OT: Direct Deposit Fiasco with Bank of Americagreenspun.com : LUSENET : TimeBomb 2000 (Y2000) : One Thread
(Anyone who's company banks with Bank of America and who's direct deposit got screwed up today, and doesn't work for BCC (using company initials and posting anonymously to cover my butt, you can do the same) please respond here with the particulars.))
Y2K problem? Probably not, certainly an indication of what could happen though.
The company I work for, like many other large nationwide companies, pays on a bi-weekly basis. It banks through Bank of America. They support direct deposits as well as checks for payroll. The direct deposits usually get run Thursday mornings with the money being effective in the accounts on Friday.
Thursday was Veteran's day (banking holiday). For some reason the process did not get run, with the results being that everyone who had direct deposit didn't get their money. Something close to 7 million's worth.
After a day's going back and forth, we eventually got the final result: Everyone banking with BofA got their money today (at least, nobody's complained yet... :) ). Everyone banking elsewhere will get their money on Monday. You can bring your deposit slips in to 3 or 4 of the other major banks that people have their money in, but in most cases, they are only worth $300 (till things get cleared up on Monday). Those that live paycheck to paycheck are screwed. Fortunately, BofA has stated they will pay for the bounced check fees. They haven't said whether or not they will send out form letters to the creditors on whom the checks bounced.
Now, BofA told us that it was due to an "operator error". They only found out about it when payroll called them in response to some inquiries from employees who didn't get their money.
The questions that this raises are: 1) No oversight? I imagine that they deal with larger sums of money all the time, but 7 million is nothing to sneeze at. Is their Y2K compliance staff this shoddy too? In their letter, they say it's been raised with senior management, and that additional procedures will be implemented to prevent it from happening again in the future. Kinda late for the people that don't get paid till monday. 2) One little screw up, tons of people (to be honest, I don't know how many, but there are around 10,000 employees, and some fraction of that equals 7 million in pay through direct deposit) are SOL for 3-4 days. What happens if it is a major screw up? Who needs Y2K when the banks can do us in just fine as it is? 3) If it happened to us, who else did it happen to? Anyone else out there who's company banks with BofA and has direct deposits? If it happened to more than company, it would be indicative of something more than just one "operator error". 4) Was it "operator error" or was it Y2K? My guess is it was not Y2K. Either some operator keying in a wrong "run process" date, or simply not running it all because everyone intelligent took the week off (4 days vacation + 1 holiday).
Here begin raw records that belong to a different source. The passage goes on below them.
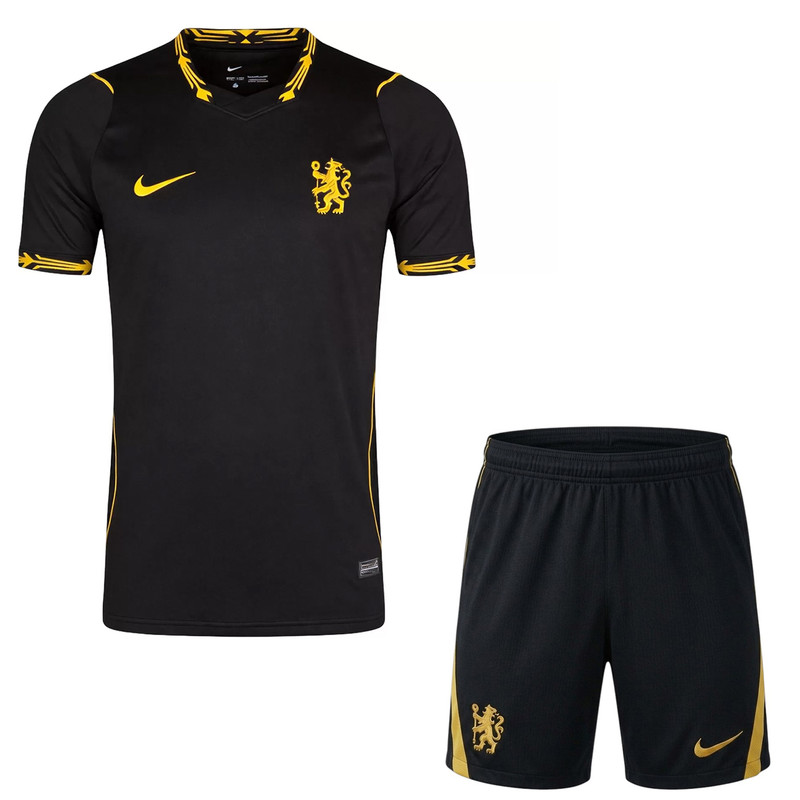 ست تی شرت و شلوارک ورزشی پسرانه مدل چلسی Away 2027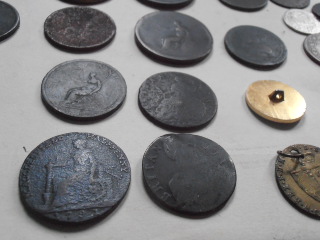 Old-Early-Milled-Coins-,-Medals?tokens?silver?
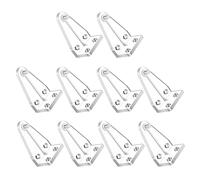 Totority Crochet de Localisation de Fixation Transparent pour Mécanisme Store Enrouleur, Accessoires pour Stores à Volets, Support Mural Simple et Élégant Cuisine et Maison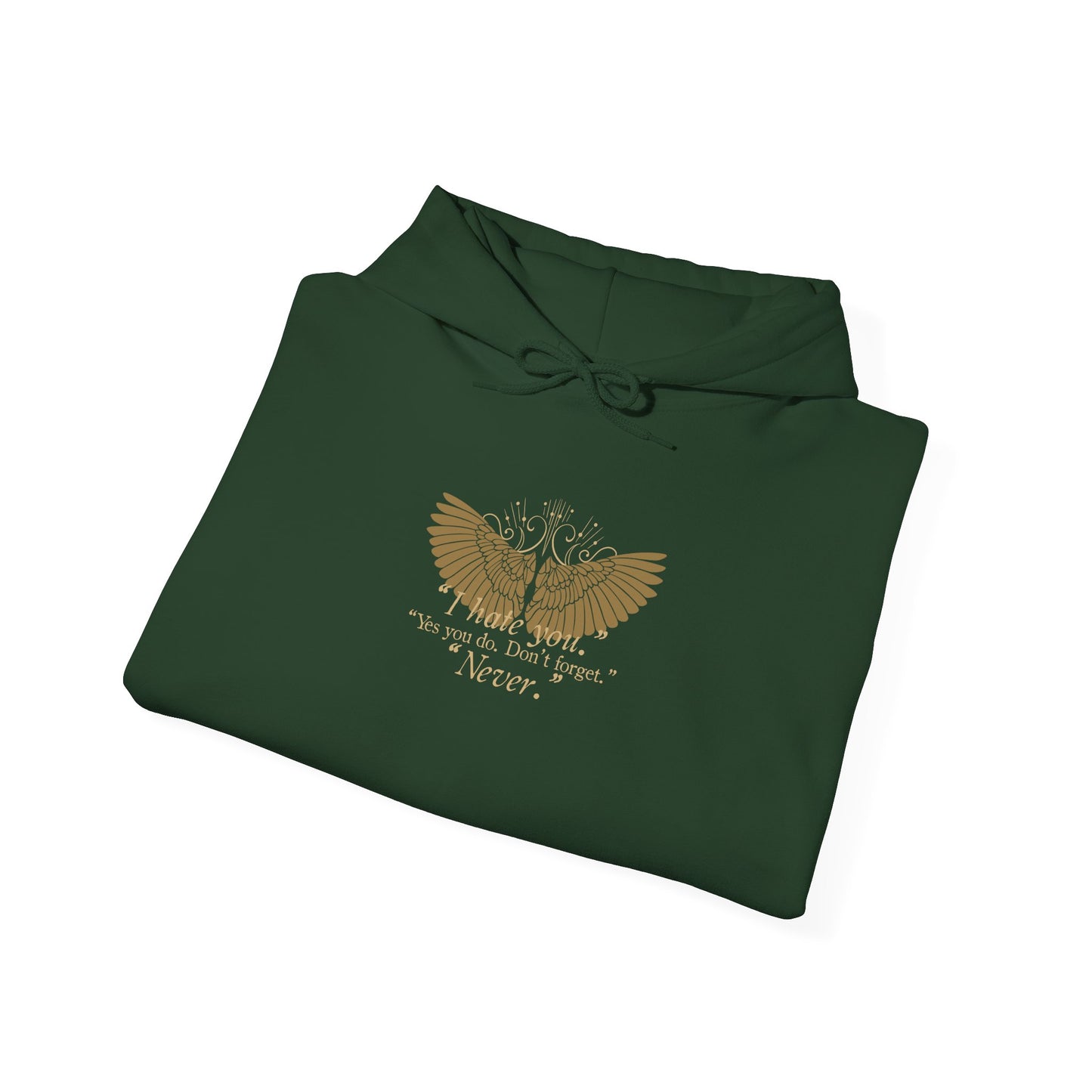 "I Hate You" Shield of Sparrows Hoodie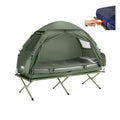 SoBuy OGS32 brandina con tenda da campeggio - 193 x 86 x 160 cm per 1 persona - materasso ad aria e sacco a pelo - rivestimento in poliuretano per 3 stagioni
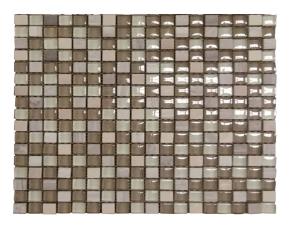 Pliego De Mosaico Vidrio 30X30Cmx8Mm Café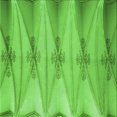 thumbnail image 1 of Ahgly Tapis d'Intérieur Lavable en Machine Carré Transitionnel Vert Émeraude, 4 Pieds Carré, 1 of 7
However, being a programmer, I can see them testing something out on the system over the holiday, when nothing major was happening, and it screwing up the dates.
Now, to be honest, it looks like BofA is doing their best to make up for it. This hasn't happened before, and they've worked with the other banks and people can get at least some money for the weekend (usually around $300, but in some branches up to $5000 (wish I made that. :) )). They are covering the bounced check fees, etc. The rest of us on direct deposit should get our pay on Monday. Payroll was damn happy it wasn't their fault :), and I can imagine the person that screwed up got severely roasted over it at BofA.
To close this lengthy post, I'll leave you all with the second to the last paragraph of BofA's letter to the company. I'm wondering how many of these we'll all be seeing from various companies as the year closes, and Y2K hits:
"Please accept our apology for the inconveniences and frustration caused to you and your employees as a result of the delay in processing. This situation has been addressed to our senior management and additional procedures will be implemented to prevent this problem in the future."
-- Curious Minds (WhatHappened@thebank.com), November 12, 1999
Praise Be we stopped Direct Deposit. Just wish we had more to deposit :-) Will be interesting to see reports trickle in ...
-- stop the automations (email@example.com), November 12, 1999.
Certain things belong in computers and other things don't. It appears our society will learn this the hard way. When it comes to money and what we need to survive, it ain't much good when it is floating around in cyberspace, got to have it in possession.
-- Hawk (firstname.lastname@example.org), November 13, 1999.
Look for previous threads on direct deposit. Bottom line -- GET OUT NOW. For several reasons. If your company won't let you out. Hotfoot it to the bank on the day of deposit and WITHDRAW it. DO NOT PAY BILLS FROM THAT ACCOUNT. Why? Do some reearch on PREVIOUS THREADS on this forum. Sheesh. How many times do we have to plow the same fricking field?